Task to carry out
Only one span of the listing below is wanted: the lines from the one with "Pencil Case GRS" through the one with "Item preview, PICKLEBALL", reproduced exactly, both ends kept.

Data under study

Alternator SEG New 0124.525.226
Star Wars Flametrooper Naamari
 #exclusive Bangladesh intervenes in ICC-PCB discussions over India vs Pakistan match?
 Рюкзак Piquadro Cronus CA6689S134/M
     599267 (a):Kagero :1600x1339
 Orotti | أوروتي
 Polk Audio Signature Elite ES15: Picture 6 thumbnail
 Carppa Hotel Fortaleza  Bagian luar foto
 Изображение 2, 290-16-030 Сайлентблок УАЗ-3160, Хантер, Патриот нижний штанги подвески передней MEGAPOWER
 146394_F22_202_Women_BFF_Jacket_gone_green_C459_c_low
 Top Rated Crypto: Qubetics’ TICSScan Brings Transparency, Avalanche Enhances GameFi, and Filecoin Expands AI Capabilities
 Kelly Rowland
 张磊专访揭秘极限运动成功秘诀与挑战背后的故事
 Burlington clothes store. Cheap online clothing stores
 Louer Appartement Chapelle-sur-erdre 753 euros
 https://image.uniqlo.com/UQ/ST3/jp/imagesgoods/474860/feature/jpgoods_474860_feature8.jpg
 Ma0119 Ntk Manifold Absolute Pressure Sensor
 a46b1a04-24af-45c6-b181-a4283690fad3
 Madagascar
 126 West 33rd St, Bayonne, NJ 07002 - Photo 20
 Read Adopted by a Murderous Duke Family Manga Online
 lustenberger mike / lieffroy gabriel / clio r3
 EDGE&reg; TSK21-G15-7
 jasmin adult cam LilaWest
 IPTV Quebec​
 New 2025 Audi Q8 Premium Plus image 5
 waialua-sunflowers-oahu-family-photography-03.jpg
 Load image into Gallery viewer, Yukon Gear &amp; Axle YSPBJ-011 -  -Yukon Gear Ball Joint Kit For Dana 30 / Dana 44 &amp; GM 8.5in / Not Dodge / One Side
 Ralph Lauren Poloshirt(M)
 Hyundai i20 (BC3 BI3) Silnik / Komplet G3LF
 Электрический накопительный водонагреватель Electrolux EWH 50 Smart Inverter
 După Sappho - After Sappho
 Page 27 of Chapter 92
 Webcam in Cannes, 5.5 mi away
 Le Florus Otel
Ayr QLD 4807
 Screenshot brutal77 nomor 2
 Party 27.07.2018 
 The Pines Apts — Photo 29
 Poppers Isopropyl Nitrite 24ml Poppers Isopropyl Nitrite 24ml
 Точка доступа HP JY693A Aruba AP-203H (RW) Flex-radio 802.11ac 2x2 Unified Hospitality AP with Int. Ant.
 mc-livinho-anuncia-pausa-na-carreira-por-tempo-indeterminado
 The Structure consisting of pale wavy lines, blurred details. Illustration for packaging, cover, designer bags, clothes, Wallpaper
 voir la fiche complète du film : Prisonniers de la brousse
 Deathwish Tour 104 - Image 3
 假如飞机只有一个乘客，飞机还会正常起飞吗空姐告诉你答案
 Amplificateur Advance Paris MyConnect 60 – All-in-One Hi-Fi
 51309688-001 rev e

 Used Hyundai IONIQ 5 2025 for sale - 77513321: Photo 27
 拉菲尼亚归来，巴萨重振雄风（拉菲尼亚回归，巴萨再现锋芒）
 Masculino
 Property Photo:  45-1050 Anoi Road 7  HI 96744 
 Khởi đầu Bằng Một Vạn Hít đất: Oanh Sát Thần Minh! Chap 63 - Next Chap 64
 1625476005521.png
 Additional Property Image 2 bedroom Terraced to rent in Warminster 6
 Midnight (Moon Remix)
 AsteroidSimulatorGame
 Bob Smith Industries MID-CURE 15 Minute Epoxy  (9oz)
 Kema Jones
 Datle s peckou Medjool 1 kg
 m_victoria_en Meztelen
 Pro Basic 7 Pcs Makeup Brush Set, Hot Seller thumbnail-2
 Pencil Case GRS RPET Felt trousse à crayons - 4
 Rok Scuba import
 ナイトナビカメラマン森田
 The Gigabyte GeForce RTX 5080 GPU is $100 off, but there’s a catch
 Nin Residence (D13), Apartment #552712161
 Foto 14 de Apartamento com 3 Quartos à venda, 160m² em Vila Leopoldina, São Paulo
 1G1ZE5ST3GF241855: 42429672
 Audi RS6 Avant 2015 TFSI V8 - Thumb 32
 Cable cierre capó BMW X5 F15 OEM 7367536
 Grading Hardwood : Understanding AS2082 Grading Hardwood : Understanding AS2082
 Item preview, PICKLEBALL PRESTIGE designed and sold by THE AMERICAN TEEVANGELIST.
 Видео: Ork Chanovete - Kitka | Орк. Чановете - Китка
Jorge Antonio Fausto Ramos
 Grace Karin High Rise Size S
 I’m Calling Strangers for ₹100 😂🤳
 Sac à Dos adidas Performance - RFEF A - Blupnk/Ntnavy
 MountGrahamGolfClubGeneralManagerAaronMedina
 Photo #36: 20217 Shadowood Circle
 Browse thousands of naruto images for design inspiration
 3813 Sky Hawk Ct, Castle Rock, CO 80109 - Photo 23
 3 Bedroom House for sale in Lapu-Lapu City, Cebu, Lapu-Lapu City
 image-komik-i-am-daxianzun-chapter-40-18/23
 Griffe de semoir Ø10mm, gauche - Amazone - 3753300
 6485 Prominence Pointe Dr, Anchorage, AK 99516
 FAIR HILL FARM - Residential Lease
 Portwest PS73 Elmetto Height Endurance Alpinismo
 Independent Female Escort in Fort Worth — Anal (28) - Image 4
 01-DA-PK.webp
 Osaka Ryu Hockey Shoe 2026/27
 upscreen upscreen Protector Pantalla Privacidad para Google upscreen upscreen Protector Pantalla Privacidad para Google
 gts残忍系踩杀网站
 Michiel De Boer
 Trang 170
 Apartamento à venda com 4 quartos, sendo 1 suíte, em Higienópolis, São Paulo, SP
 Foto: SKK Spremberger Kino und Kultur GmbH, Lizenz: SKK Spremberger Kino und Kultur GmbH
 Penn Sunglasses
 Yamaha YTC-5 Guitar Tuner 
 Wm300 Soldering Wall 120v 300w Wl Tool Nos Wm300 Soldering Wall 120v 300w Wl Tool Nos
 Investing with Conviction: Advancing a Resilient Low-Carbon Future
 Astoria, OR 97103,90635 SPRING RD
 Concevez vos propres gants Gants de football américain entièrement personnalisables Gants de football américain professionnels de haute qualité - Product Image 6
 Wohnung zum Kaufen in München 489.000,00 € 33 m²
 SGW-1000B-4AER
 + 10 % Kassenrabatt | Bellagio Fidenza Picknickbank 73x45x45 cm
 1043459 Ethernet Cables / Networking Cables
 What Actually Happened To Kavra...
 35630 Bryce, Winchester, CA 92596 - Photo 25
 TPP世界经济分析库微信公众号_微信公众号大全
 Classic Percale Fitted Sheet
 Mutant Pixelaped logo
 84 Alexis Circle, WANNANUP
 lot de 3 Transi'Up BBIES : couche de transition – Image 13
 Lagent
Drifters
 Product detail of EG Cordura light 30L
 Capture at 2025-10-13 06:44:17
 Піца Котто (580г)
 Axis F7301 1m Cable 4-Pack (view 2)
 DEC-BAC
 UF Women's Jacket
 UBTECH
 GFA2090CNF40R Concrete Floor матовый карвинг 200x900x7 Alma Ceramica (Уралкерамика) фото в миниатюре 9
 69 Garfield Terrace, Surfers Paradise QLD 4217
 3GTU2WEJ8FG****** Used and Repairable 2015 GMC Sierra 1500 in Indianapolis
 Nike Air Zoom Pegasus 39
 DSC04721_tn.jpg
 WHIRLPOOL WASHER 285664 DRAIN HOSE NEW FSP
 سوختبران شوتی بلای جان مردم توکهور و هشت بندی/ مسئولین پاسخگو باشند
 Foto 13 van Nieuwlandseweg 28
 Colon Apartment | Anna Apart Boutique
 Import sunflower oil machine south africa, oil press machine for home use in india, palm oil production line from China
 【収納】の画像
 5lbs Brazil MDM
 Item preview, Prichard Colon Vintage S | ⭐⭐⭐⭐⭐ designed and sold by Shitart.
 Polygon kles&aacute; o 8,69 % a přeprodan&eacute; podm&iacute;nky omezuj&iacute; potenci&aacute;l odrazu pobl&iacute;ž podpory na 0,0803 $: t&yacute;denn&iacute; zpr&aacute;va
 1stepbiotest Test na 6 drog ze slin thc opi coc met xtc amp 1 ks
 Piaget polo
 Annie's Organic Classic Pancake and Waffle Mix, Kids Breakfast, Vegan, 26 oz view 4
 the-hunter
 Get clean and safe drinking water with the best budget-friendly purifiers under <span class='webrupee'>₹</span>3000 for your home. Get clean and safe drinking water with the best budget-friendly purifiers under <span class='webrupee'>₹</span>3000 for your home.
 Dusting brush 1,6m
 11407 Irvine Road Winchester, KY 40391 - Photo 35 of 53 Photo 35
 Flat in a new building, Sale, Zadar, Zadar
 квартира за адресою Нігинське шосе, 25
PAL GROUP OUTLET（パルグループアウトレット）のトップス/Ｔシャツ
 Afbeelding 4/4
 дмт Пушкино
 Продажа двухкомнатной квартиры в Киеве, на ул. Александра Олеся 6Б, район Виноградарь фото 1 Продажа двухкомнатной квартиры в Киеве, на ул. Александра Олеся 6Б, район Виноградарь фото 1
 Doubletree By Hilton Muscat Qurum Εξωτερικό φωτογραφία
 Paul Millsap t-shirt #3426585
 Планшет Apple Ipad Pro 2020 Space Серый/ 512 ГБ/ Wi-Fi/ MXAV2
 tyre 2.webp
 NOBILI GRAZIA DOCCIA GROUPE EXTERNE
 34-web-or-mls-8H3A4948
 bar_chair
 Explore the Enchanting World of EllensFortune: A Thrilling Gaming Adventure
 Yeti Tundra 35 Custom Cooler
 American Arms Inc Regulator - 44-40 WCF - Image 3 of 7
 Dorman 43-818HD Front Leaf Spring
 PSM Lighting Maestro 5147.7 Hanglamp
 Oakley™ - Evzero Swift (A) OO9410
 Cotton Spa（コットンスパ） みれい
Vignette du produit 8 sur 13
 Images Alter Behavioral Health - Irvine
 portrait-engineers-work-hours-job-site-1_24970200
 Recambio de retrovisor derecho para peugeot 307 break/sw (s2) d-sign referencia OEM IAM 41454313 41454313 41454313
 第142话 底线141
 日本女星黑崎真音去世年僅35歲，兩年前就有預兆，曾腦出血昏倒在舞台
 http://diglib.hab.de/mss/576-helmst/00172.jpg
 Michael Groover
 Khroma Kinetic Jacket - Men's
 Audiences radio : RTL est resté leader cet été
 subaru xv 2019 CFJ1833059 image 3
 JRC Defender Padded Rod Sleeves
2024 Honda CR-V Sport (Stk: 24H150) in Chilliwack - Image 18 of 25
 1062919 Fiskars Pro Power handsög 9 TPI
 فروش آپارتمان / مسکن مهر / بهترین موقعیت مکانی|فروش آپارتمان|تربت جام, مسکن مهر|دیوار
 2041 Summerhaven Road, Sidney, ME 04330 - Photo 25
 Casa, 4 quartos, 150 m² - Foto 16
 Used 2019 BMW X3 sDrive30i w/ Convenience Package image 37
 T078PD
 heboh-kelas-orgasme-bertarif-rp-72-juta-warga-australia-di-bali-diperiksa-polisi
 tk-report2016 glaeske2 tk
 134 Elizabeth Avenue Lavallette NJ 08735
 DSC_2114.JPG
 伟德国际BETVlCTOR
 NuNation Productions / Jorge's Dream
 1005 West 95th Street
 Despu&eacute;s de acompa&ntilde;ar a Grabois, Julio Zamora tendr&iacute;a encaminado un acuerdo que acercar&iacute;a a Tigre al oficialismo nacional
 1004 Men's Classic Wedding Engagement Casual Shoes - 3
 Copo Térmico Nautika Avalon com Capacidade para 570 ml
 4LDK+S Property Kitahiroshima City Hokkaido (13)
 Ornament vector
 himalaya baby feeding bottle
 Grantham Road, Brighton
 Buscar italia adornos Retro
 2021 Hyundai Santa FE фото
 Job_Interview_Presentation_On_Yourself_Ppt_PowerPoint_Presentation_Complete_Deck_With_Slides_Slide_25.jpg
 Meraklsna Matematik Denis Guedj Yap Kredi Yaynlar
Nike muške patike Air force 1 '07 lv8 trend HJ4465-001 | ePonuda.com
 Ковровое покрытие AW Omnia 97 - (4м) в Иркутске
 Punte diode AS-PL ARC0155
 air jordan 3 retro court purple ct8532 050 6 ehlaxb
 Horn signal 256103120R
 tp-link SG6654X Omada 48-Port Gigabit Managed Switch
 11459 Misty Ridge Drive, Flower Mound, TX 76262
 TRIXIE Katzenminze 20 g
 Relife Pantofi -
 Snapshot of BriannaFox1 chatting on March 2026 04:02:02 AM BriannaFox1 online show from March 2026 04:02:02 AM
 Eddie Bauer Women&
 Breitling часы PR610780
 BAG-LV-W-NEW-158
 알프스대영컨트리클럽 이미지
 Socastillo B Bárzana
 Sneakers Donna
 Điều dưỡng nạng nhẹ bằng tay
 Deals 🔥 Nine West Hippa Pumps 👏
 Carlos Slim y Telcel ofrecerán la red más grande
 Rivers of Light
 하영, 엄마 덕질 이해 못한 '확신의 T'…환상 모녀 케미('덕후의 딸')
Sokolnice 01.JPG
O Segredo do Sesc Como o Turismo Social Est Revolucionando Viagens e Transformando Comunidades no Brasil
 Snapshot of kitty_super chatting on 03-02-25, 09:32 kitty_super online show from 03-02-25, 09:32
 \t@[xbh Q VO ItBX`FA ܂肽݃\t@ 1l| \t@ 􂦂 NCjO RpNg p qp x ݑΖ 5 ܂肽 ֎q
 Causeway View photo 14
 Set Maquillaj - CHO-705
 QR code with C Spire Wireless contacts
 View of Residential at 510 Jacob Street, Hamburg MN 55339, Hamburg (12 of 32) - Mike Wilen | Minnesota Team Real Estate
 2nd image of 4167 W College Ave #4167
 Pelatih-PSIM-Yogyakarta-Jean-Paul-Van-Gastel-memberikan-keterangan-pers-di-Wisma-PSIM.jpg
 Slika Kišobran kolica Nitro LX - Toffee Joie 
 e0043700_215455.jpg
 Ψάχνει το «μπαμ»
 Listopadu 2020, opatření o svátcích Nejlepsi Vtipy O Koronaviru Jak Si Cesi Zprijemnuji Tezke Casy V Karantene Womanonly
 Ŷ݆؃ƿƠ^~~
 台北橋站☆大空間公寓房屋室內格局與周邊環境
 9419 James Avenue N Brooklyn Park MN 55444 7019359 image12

Answer to this task
 Pencil Case GRS RPET Felt trousse à crayons - 4
 Rok Scuba import
 ナイトナビカメラマン森田
 The Gigabyte GeForce RTX 5080 GPU is $100 off, but there’s a catch
 Nin Residence (D13), Apartment #552712161
 Foto 14 de Apartamento com 3 Quartos à venda, 160m² em Vila Leopoldina, São Paulo
 1G1ZE5ST3GF241855: 42429672
 Audi RS6 Avant 2015 TFSI V8 - Thumb 32
 Cable cierre capó BMW X5 F15 OEM 7367536
 Grading Hardwood : Understanding AS2082 Grading Hardwood : Understanding AS2082
 Item preview, PICKLEBALL PRESTIGE designed and sold by THE AMERICAN TEEVANGELIST.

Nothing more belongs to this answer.